I would like it to be so, but now I wonder. As our long-tossed boat approaches the semantic shore, I can sense danger hidden in the vegetation.

Problems With Current Notions

The more you delve into formalizing a semantic system, the more complex it gets. Order recedes like the proverbially chased rainbow.

We may be able to design a system that distinguishes a "child" or "class" as a computer concept, so you don't come across Web pages for Montessori schools while performing your search for programming techniques. But even in the field of programming there are many "children."

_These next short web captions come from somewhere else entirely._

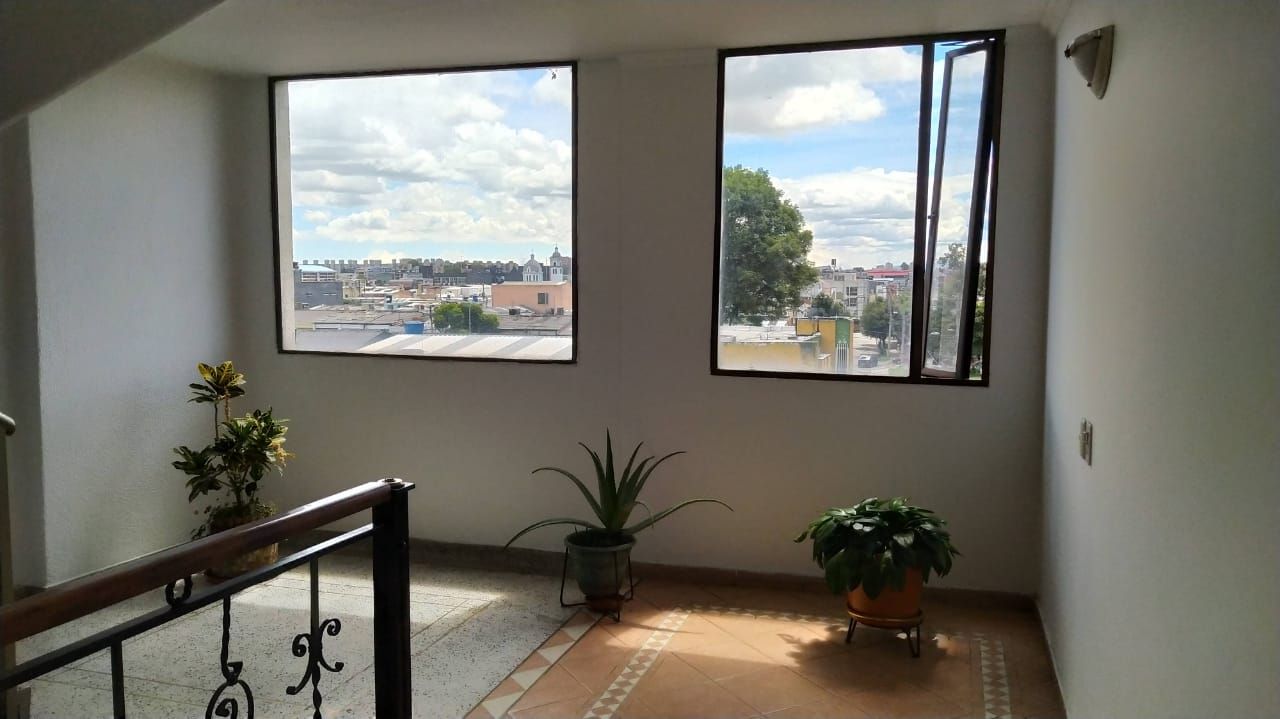 Apartamento en venta Cundinamarca Bogotá Alcazares 60 m2 Habitaciones 2 Baños 2 Garajes 0 Precio $350000000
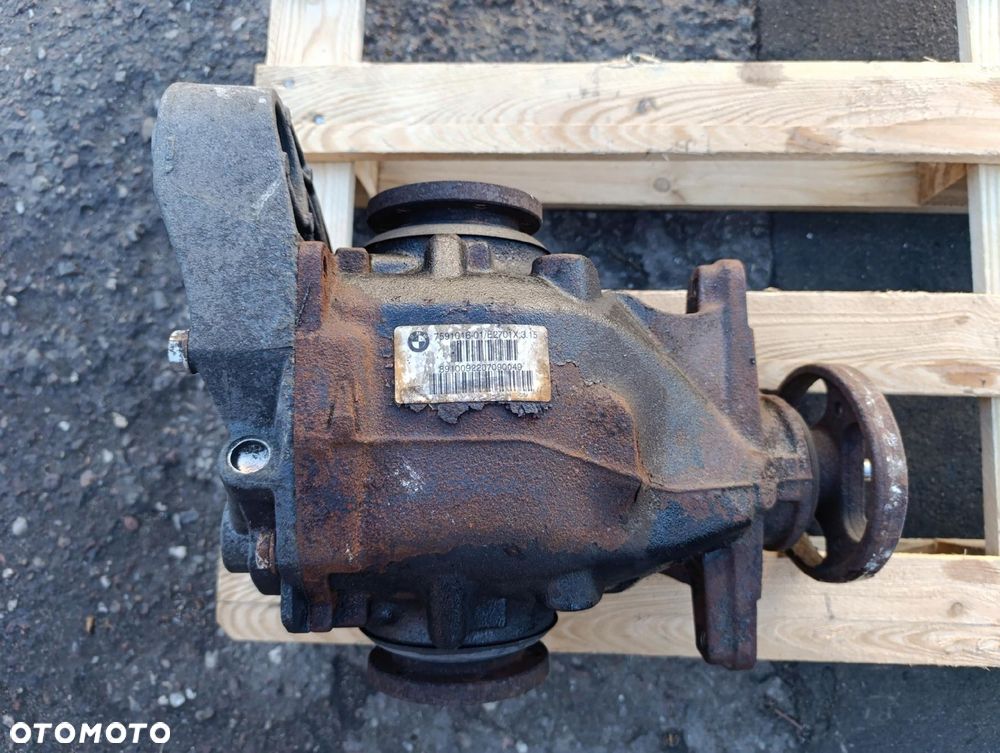 BMW E90 E91 TYLNY DYFER N47 7591016 3.15 - 1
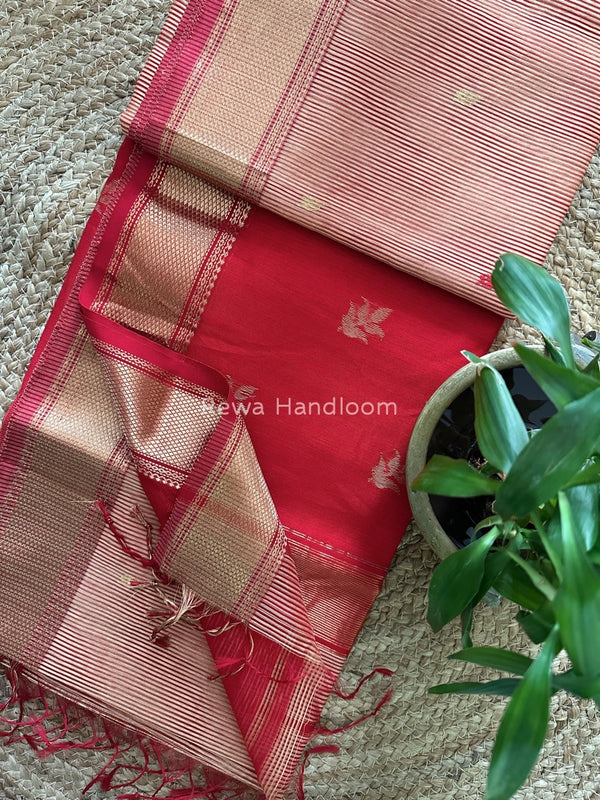 Maheshwari Butta Pallu Silk Saree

A radio button is the child of a generic button, in the sense that you create a subclass of the generic button class in order to design your radio button. But the radio button is also the child of the form that contains it in the graphical design. I'm sure that the erudite knowledge managers have found plans for handling such complexity, but I don't know whether search-engine makers can carry out those plans or whether users know how to derive benefit from the complex search engines that would result.

And even though there's some benefit from knowledge management, what does our current concept of the Semantic Web have to offer? A few keywords attached to a document can help me decide if it's relevant to my search, but what do I get from all the other complicated tagging we're expected to do? I sense that most people will do an informal cost/benefit analysis and just utter a semantically significant "No."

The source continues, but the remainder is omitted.